By Jenifer L. Steinhardt, Crimson Staff Writer

Out of uniform, Amy DiVirgilio can easily be mistaken for a student walking in the Yard. The thin, 5-foot 5-inch 25-year-old with dangling earrings and brown hair pulled back in a ponytail appears to be just like any college student.

But that’s before she dons a bullet-proof vest and the uniform of the Harvard University Police Department (HUPD), and straps on her gun belt, filled with a baton, two-way radio, pepper spray, handcuffs and a nine millimeter Glock 22 handgun.

Then she climbs behind the wheel of an HUPD cruiser to begin her eight-hour shift keeping the campus safe. Each shift is different, and she never knows what any night will bring. Tonight, thankfully, is quiet.

7:19 p.m.—DiVirgilio obtains permission from the watch commander to leave her normal patrol zone around the Radcliffe Quad and patrol “all sectors.”

The 4 p.m.-midnight shift that DiVirgilio works is HUPD’s largest—and, often, its busiest.

Her nightly patrols take her from the Somerville line to the Charles River and beyond into the Business School campus in Allston. The land travelled is familiar territory to her.

She grew up just 15 miles from Harvard Square—although the journey from her home to Harvard has been a long and indirect one.

DiVirgilio says she never aspired to be a police officer—she says she was not assertive enough growing up to be one.
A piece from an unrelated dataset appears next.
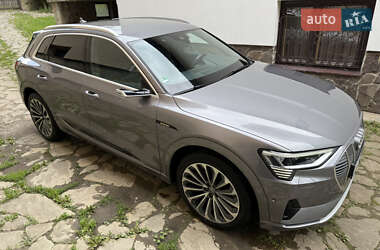 Внедорожник / Кроссовер Audi e-tron 2019 в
However, she has always wanted to help people.

“I was always trying to assist someone else, even if it meant my life would be turned upside down,” says DiVirgilio, who, as a teenager, used to buy 15 Big Macs from McDonald’s and distribute them to homeless people in Harvard Square.
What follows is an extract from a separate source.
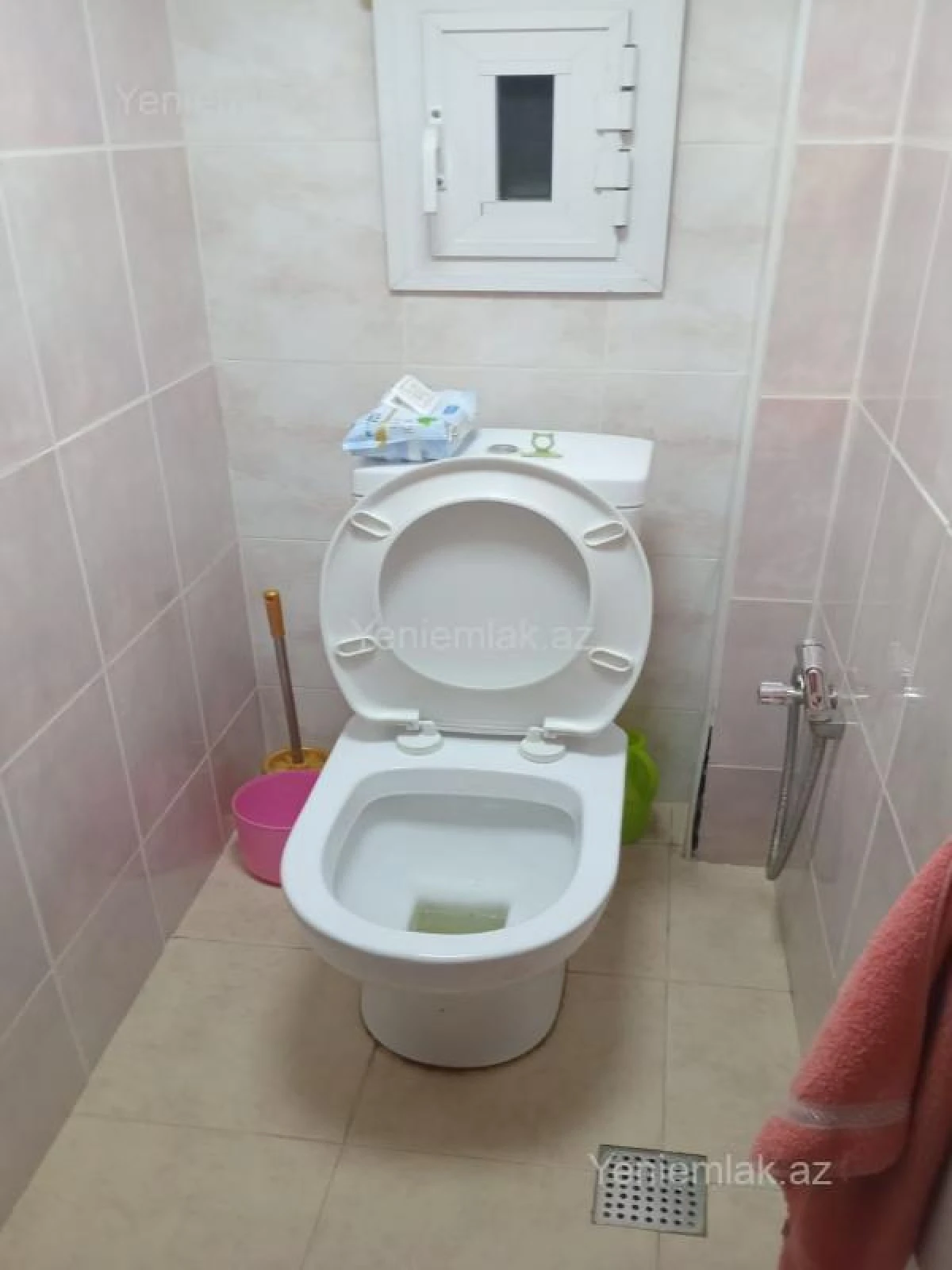 Satılır 4 otaqlı köhnə tikili 80 m²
As a college senior, DiVirgilio was majoring in economics and planning a career in international business—until she realized that she was on a path to spend the rest of her life in an office building.
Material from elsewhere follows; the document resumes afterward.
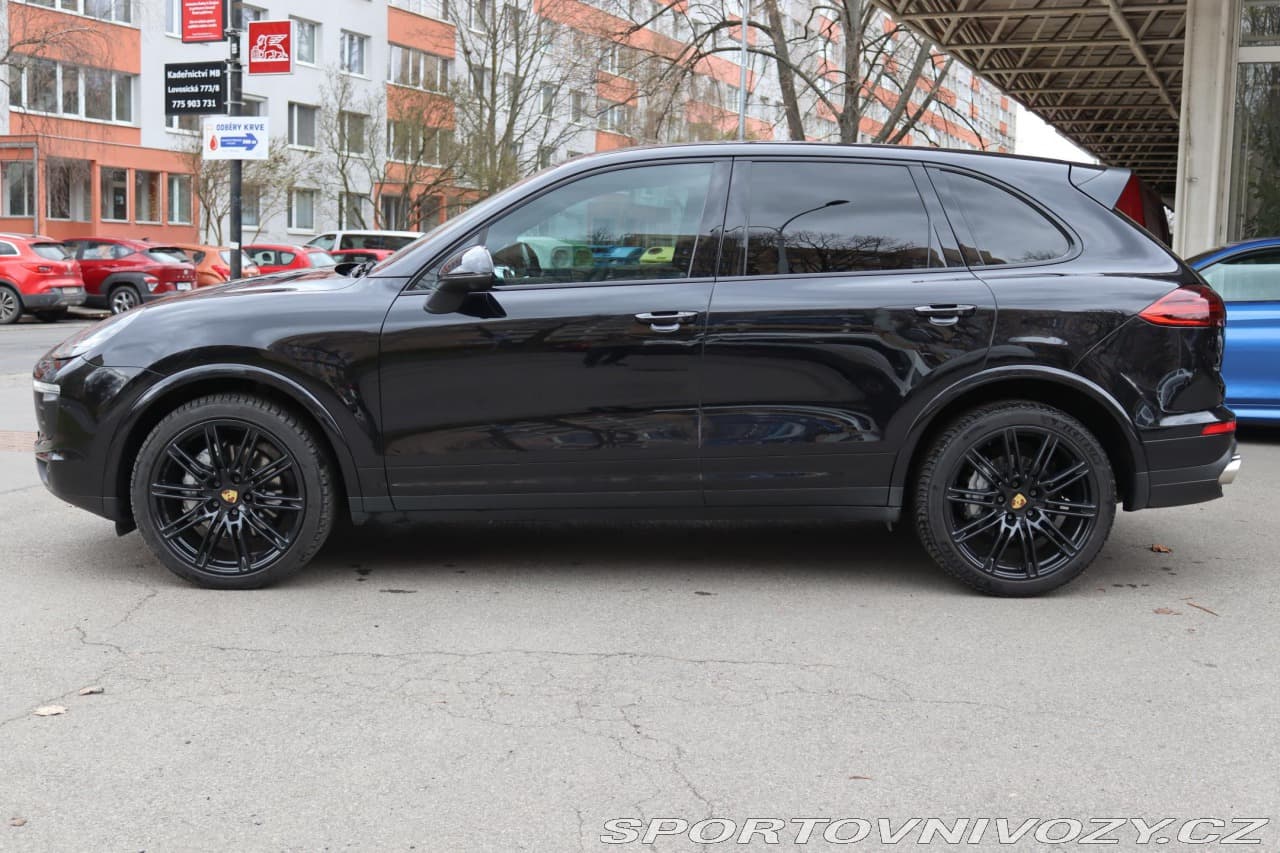 2017 Porsche CAYENNE - 13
Instead, after graduation, she decided to enlist in the Marines. Six months after that, instead of entering flight school and committing herself to eight-and-a-half-years with the Marines, DiVirgilio returned home.

“I was thinking, ‘What if I want to get married? Will I drag my husband from base to base?’ And I knew I couldn’t have children and fly,” she recounts.

When she found that HUPD was hiring, she decided to apply.

After obtaining a position with HUPD, DiVirgilio attended the state police academy in Quincy, Mass.

“I had fun. I’d go back any day if I got paid for it,” she says. “Not that I enjoy ironing. That was the worst part.”

New HUPD officers constituted a large portion of her class, and so graduation was held in Sanders Theatre in April 1999. The 13 new officers were the first class brought in under the new vision of

“community-oriented policing” by HUPD Chief Francis D. “Bud” Riley. Riley hand-picked them for their diversity, life experience and their ability to connect with the Harvard community. She’s been patrolling ever since.

HUPD has a higher proportion of female officers than most police departments—roughly a dozen of the department’s 60-odd officers are female.

Despite her role in a male-dominated occupation and her small size, almost nothing alarms DiVirgilio.

“The way I see what I do is this—I know I’m five foot five inches and a girl and I don’t weight lift for my arms everyday. I’m not as strong as a man. But when I’m at work, I keep my head on my shoulders,” she says.

7:40 p.m.—The HUPD dispatcher radios for DiVirgilio to investigate an alarm at Memorial Church. The alarm had gone off and then quickly reset. HUPD will investigate anyway.

DiVirgilio says that responding to emergency calls doesn’t faze her.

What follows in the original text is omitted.